Dr Breitenbach says she shares this sense of optimism and perceives “a lot of energy and radicalism around right now”. Breitenbach was also keen to note that many of those involved in the women’s liberation movement in the 1970s continue to contribute to the feminist movement today through, for example, the violence against women organisations which emerged as a result of that period of activism.
For Breitenbach and fellow feminist historian Sarah Browne, the key to progress will be intergenerational conversations. “Ideas develop, but you have to look back to the past to understand where we’ve come from, and where we are,” Browne says.
Ashe adds that the emergence of various progressive groups and campaigns in recent years “should give us hope”, but stresses that progress will take “a lot of hard work” and direct engagement with communities.
“I’m a pessimist because of intelligence, but an optimist because of will,” he says, echoing the words of the late Italian Marxist philosopher Antonio Gramsci.
Even Davidson, who emphasises the absence of a strong challenge to economic and political structures over the past few decades, is encouraged by the recent surge in mass protests, for example around women’s rights and gun control in America, and by the surge in support for the political left in the form of Labour leader Jeremy Corbyn, and Bernie Sanders in the US. Indeed, he says, we may well soon see an “explosion” like ’68, if activists can be awake to the developments and organise around them effectively.
Dr Eschle and Waites caution against the idea of a “revolution”, per se.
“I don’t subscribe to the revolutionary model as I think politics is more important and complicated than that,” Eschle says, arguing that setting up an opposition between revolution and reform tends to push marginalised struggles “out of the picture”.

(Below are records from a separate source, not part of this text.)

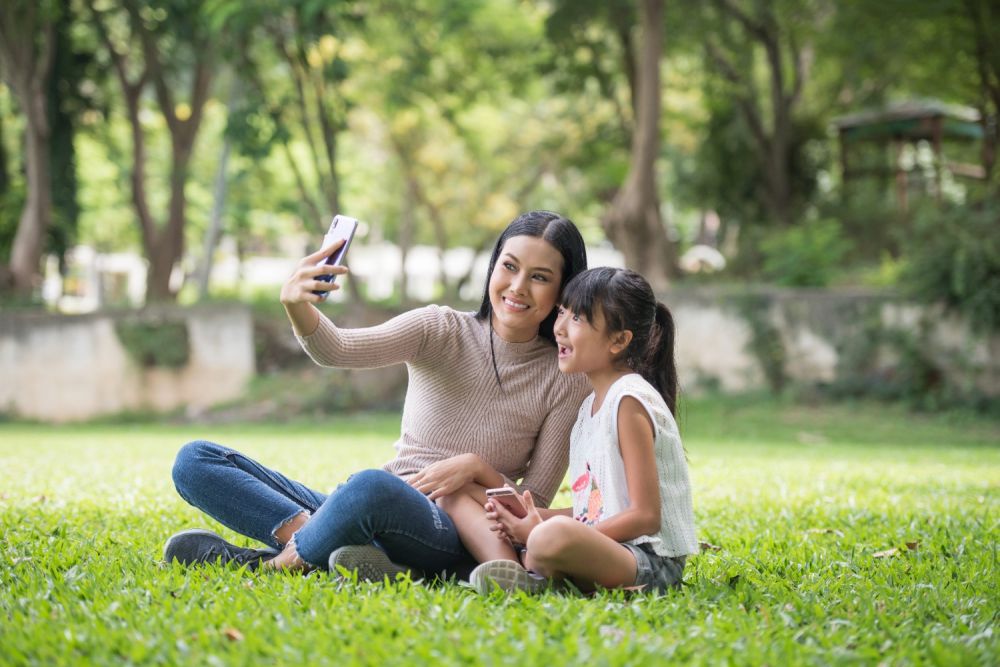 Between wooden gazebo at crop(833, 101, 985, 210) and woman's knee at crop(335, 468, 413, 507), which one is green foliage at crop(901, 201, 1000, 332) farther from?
woman's knee at crop(335, 468, 413, 507)

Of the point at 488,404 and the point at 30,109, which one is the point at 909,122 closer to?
the point at 30,109

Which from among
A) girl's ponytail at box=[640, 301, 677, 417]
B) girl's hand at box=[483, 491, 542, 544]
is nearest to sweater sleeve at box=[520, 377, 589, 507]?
girl's ponytail at box=[640, 301, 677, 417]

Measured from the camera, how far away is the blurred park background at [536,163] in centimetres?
1603

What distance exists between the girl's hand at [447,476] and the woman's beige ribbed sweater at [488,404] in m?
0.20

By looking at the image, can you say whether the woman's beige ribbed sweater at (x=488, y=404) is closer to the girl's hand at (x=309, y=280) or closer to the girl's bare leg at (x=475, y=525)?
the girl's bare leg at (x=475, y=525)

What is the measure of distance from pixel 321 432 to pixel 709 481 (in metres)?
7.54

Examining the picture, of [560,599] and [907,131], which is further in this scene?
[907,131]

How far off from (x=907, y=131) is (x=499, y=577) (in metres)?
19.0

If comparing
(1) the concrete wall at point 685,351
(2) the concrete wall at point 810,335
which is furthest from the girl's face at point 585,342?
(2) the concrete wall at point 810,335

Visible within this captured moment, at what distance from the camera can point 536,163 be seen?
26000mm

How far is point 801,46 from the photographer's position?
2080 cm

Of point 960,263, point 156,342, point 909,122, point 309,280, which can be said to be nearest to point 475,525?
point 309,280

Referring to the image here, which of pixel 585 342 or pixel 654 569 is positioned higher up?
pixel 585 342

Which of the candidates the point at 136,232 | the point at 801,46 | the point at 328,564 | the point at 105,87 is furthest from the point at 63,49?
the point at 328,564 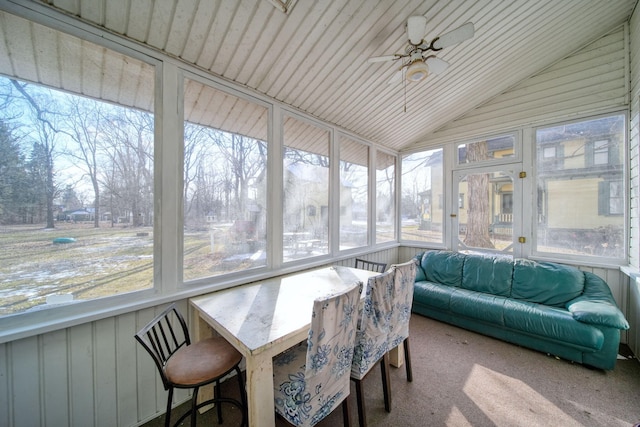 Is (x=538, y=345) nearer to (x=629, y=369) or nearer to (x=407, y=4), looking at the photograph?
(x=629, y=369)

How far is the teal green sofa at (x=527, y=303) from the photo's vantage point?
209cm

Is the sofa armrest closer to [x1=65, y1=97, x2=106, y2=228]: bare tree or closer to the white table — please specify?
the white table

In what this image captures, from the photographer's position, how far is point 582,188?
9.44ft

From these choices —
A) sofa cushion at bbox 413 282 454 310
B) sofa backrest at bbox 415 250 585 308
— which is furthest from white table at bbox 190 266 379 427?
sofa backrest at bbox 415 250 585 308

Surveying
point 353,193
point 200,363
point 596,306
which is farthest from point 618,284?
point 200,363

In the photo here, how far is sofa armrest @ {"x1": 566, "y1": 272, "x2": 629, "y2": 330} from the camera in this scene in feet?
6.64

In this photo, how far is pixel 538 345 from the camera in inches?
93.9

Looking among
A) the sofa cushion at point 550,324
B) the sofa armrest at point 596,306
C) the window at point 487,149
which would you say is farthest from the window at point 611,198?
the sofa cushion at point 550,324

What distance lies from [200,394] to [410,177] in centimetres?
436

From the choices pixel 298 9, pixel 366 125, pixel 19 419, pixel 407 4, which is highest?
pixel 407 4

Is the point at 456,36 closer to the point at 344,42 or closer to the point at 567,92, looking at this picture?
the point at 344,42

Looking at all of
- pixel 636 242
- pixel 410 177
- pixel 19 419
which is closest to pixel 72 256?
pixel 19 419

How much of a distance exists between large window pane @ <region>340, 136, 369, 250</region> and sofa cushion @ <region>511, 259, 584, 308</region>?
2.07 metres

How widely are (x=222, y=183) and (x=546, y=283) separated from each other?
12.7 ft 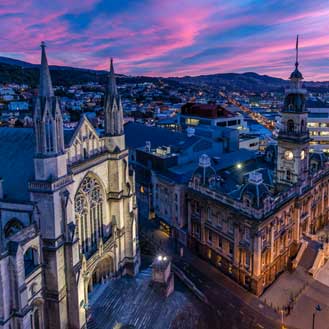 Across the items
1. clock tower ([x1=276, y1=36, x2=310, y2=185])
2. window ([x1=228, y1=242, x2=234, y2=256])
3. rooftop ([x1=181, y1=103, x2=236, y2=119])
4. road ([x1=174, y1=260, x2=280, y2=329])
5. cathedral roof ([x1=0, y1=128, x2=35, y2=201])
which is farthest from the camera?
rooftop ([x1=181, y1=103, x2=236, y2=119])

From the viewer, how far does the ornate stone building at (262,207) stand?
52.2m

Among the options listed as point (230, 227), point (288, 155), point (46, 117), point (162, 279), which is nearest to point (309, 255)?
point (230, 227)

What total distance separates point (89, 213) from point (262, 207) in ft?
80.1

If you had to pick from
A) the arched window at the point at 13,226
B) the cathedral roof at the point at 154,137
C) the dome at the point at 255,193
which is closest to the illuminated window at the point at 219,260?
the dome at the point at 255,193

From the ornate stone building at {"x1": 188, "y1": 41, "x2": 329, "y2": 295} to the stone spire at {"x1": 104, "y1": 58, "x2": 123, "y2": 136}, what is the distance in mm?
17388

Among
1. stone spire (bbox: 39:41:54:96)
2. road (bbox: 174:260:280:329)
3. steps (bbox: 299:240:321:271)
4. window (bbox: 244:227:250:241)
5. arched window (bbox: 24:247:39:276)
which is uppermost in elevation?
stone spire (bbox: 39:41:54:96)

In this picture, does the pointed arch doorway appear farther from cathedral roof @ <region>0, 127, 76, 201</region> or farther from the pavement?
cathedral roof @ <region>0, 127, 76, 201</region>

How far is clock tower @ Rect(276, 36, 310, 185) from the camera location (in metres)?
61.0

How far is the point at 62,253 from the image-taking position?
127 feet

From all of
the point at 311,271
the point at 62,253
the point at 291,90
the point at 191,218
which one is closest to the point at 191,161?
the point at 191,218

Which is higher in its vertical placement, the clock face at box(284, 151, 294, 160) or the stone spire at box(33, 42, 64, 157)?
the stone spire at box(33, 42, 64, 157)

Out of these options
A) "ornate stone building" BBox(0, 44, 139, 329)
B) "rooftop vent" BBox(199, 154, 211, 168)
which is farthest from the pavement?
"rooftop vent" BBox(199, 154, 211, 168)

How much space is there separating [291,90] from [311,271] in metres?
30.5

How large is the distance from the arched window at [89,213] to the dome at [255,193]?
21061 mm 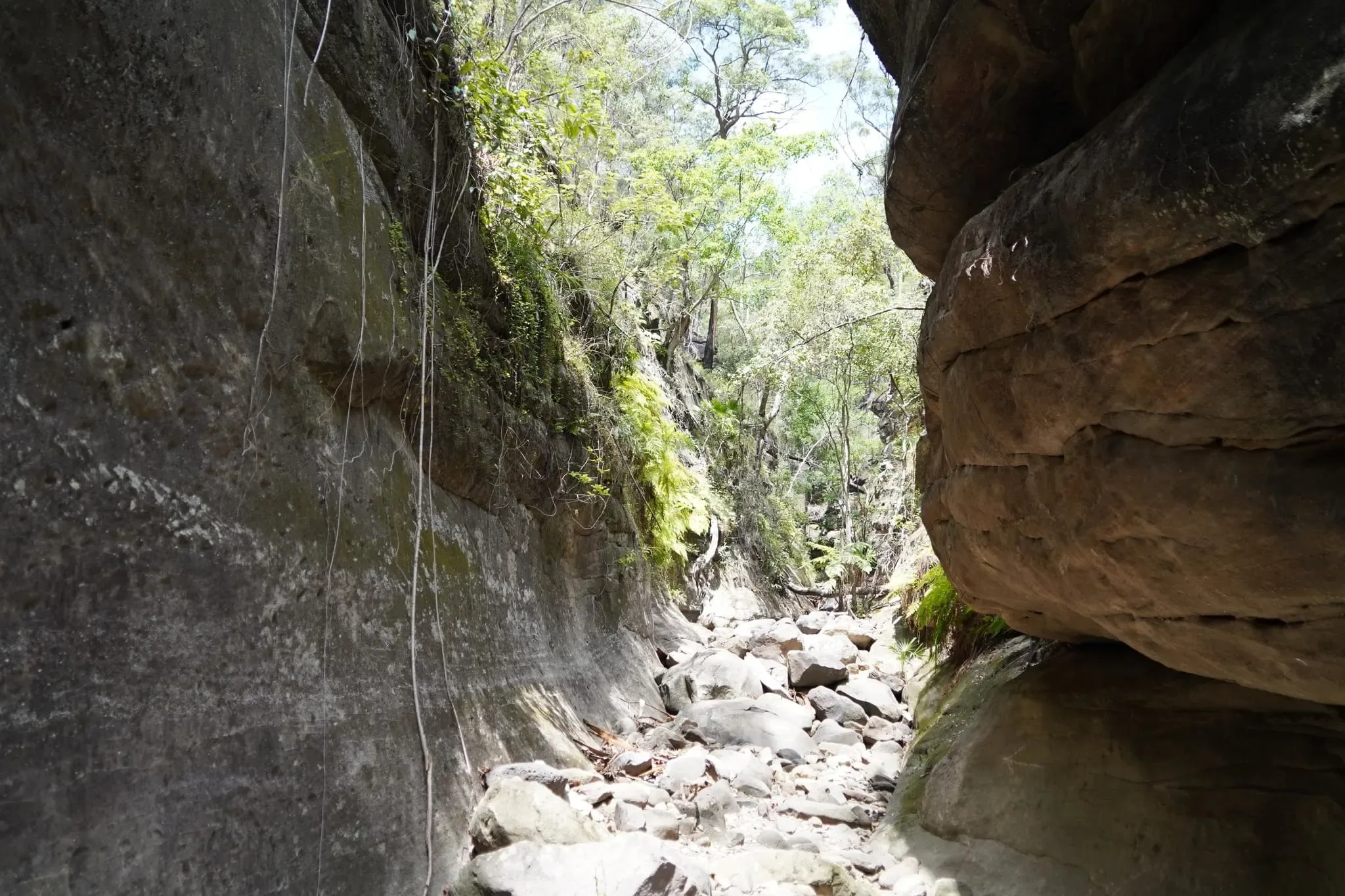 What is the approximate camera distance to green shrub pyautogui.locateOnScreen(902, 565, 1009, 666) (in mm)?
7344

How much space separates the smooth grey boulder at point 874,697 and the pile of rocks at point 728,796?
0.06ft

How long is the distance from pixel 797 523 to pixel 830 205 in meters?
9.30

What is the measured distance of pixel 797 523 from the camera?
2205 cm

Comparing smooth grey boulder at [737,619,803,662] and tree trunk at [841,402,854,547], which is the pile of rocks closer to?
smooth grey boulder at [737,619,803,662]

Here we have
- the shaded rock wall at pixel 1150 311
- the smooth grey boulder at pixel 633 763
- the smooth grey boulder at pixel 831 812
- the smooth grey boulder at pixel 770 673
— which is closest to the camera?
the shaded rock wall at pixel 1150 311

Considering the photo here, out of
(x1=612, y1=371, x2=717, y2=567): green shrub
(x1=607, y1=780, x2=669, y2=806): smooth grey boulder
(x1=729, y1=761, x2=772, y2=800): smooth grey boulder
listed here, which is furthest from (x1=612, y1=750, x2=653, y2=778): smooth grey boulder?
(x1=612, y1=371, x2=717, y2=567): green shrub

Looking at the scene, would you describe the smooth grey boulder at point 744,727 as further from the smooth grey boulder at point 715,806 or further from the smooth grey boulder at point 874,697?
the smooth grey boulder at point 715,806

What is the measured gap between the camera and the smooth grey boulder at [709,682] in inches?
357

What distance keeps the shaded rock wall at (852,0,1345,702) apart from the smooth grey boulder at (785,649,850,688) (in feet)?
17.2

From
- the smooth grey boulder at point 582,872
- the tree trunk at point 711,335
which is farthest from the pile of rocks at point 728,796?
the tree trunk at point 711,335

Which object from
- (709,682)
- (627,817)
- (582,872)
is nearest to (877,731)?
(709,682)

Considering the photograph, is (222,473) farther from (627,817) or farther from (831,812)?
(831,812)

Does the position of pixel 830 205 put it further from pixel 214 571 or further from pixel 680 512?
pixel 214 571

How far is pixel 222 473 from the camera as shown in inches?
133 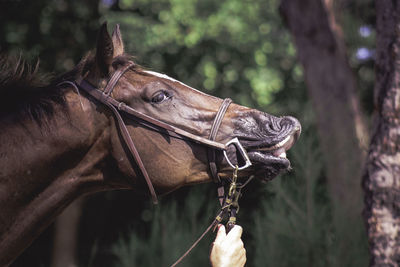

“Revolutions can disrupt the social order, but that can create openings for the concentration of power in a few people’s hands, and minorities tend to fare badly in that situation”, Waites adds.
What is clear is that many of the debates, dilemmas and even divisions of the social movements of ‘68 continue to exist today, but nonetheless these movements are alive and well and facing up to the hard questions of their past and future.
Perhaps Ashe articulates it best when, resisting linear comparisons, he says: “The past shapes the present, but it doesn’t determine it.”